By default the password on the Windows app is not set

Please make sure you open port 29000 (UDP) (The port can be changed) on your PC (if you're running a firewall). If your wanting to use it over the Internet, I suggest you obtain a static IP Address or signup with dyndns.org (obviously port forwarding would be required)

You may also need to open an additional port to be able to send emails (the port will vary depending on your smtp (email out server) server)

If you have any ideas please let me know

Works for 2.2+

Market Link
https://market.andro...com.minooch.udp

QR Code









Market Link - Lite Edition
https://market.andro...minooch.udpLite

QR Code - Lite Edition


----------



## minooch (Feb 24, 2012)

Bug fix has been uploaded - When the REQUIRED fields (IP Address & Port) where left empty, UDPro would Force Close - Now Fixed


----------



## minooch (Feb 24, 2012)

New version online

Version 2.1
Added the ability to control the PC volume - under system controls


----------



## minooch (Feb 24, 2012)

New version is online

Version 2.2

Added Shuffle to Windows Media Player Controls


----------



## minooch (Feb 24, 2012)

New version is online

Version 2.3

Added Wake on LAN to Controls


----------



## minooch (Feb 24, 2012)

New Version is online

Version 3

New Tabbed Layout
Added Custom Commands - Need to added to on the PC App


----------



## jellybellys (Apr 3, 2012)

Sounds great, but I don't use windows. Ever plan on releasing a simmilar app for ubuntu?


----------



## minooch (Feb 24, 2012)

jellybellys said:


> Sounds great, but I don't use windows. Ever plan on releasing a simmilar app for ubuntu?


Cheers,

Unfortunately not. I use windows 99% of the time


----------



## minooch (Feb 24, 2012)

New Version is online:

Version 3.1

Tablet Support
Altered the layout a little


----------



## minooch (Feb 24, 2012)

New Version is online:

Version 3.2

Added the following controls under "System Controls"

Play
Stop
Next track
Previous track

These should work on most media programs (some may require focus to accept these commands) - Although programs like Microsoft's Intellitype can cause these not to function - Try removing keyboard programs to see if this help.

I also fixed a bug on the "system mute volume" button - It wasn't working


----------



## MissionImprobable (Feb 12, 2012)

I take it this is smoother than something like logmein?


----------



## minooch (Feb 24, 2012)

MissionImprobable said:


> I take it this is smoother than something like logmein?

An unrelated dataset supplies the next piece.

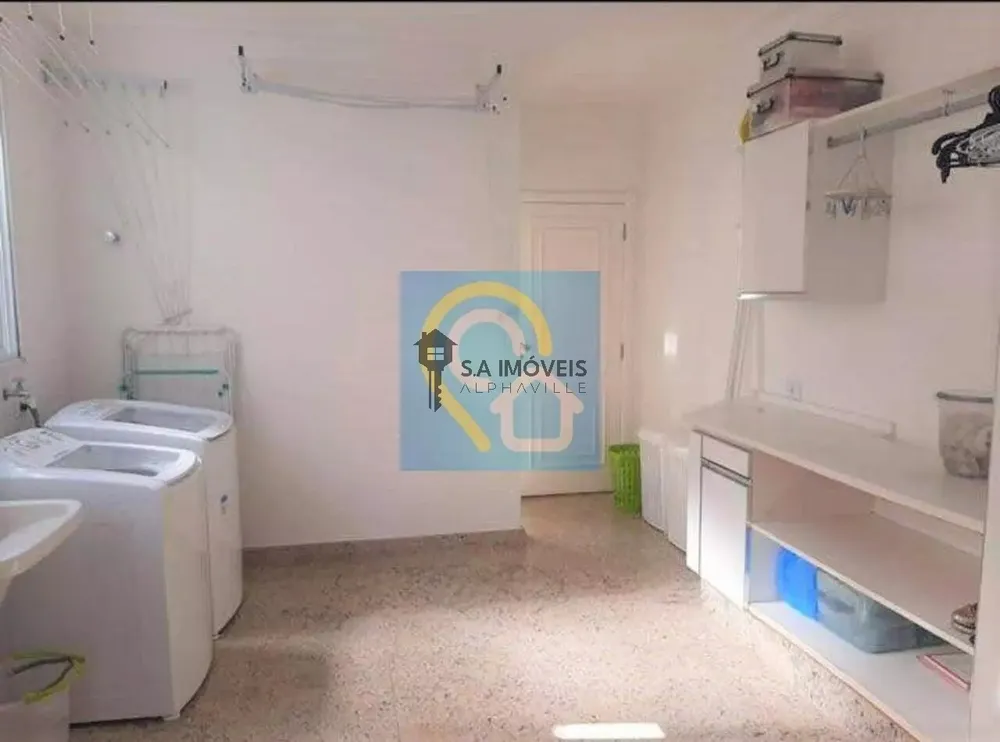 Casa de Condomínio, 5 quartos - Foto 5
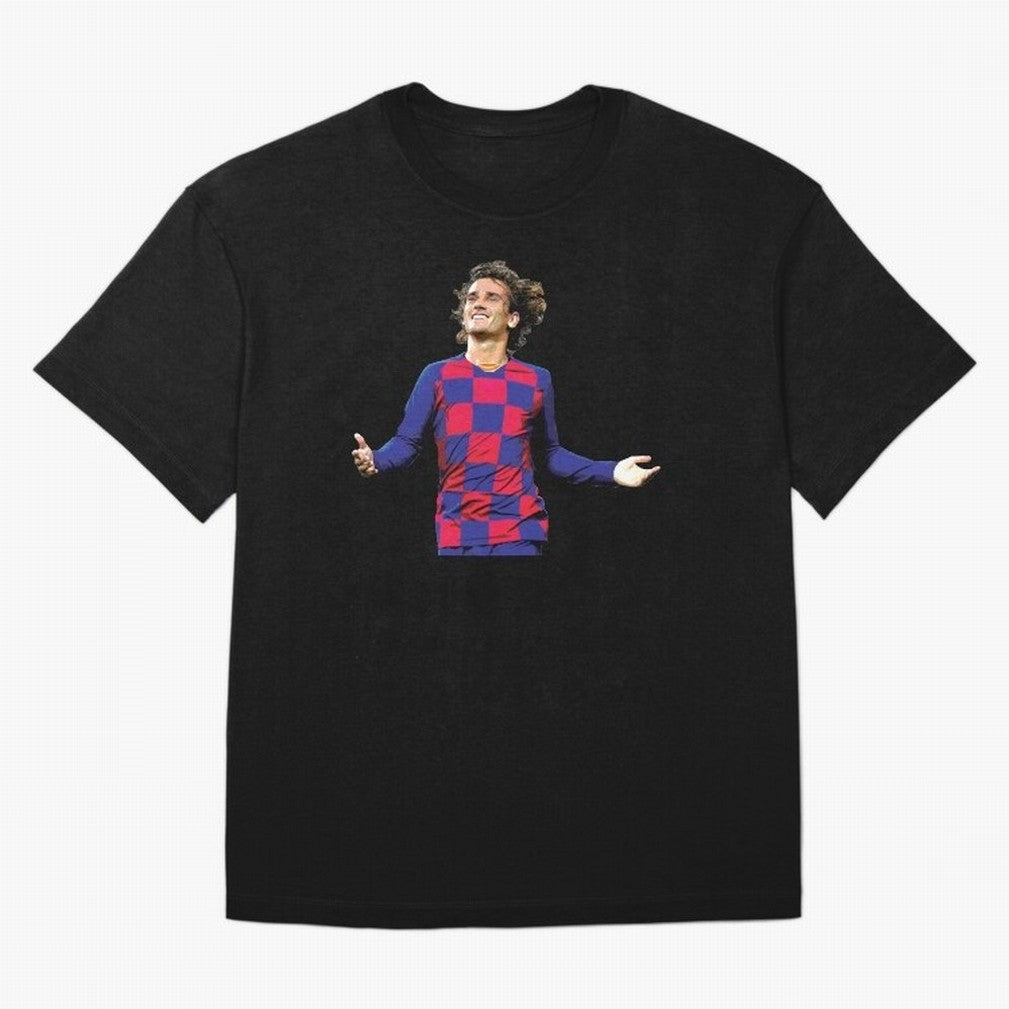 Antoine Classic T-Shirt Represent FIFA World Cup 2026 Spirit, Built around Brazil, Portugal and Argentina, Messi, CR7 and Mbappe, Tournament Hype, Historic Matchups, Family Viewing Parties and Global Sports Pride; Perfect for Fans, Collectors,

There is no remote view capability with UDPro - so it's quite instant


----------



## swest6602 (Dec 19, 2011)

Congrats on your 1st app. Very exciting. I have a couple questions for you. I'd like to try this on my Home Theater PC but before I add another server application I have a couple questions:

Will it work on Windows 8 Release Preview?

Will it work for Windows pop-up security messages? (Ultimate Remote for Android does not work with these pop-ups, but Hippo Remote on iPhone does work). These are the Windows pop-ups for things like "do you want to allow this download" & the messages to confirm and app (such as TVersity or AirVideo) that need firewall access.

If you think the above will work (win 8 for sure) I will load up the app and server and give it a try.

Thanks

Sent from my Galaxy Nexus using RootzWiki


----------



## minooch (Feb 24, 2012)

swest6602 said:


> Congrats on your 1st app. Very exciting. I have a couple questions for you. I'd like to try this on my Home Theater PC but before I add another server application I have a couple questions:
> 
> Will it work on Windows 8 Release Preview?
> 
> ...


Yeah it works with Windows 8 - Although you will get the SmartScreen filter message on install & first run only. I think I have to pay Microsoft to become a registered publisher or something to get away with that junk - But given that .Net is a managed language (& what I've used) there's no need to worry really


----------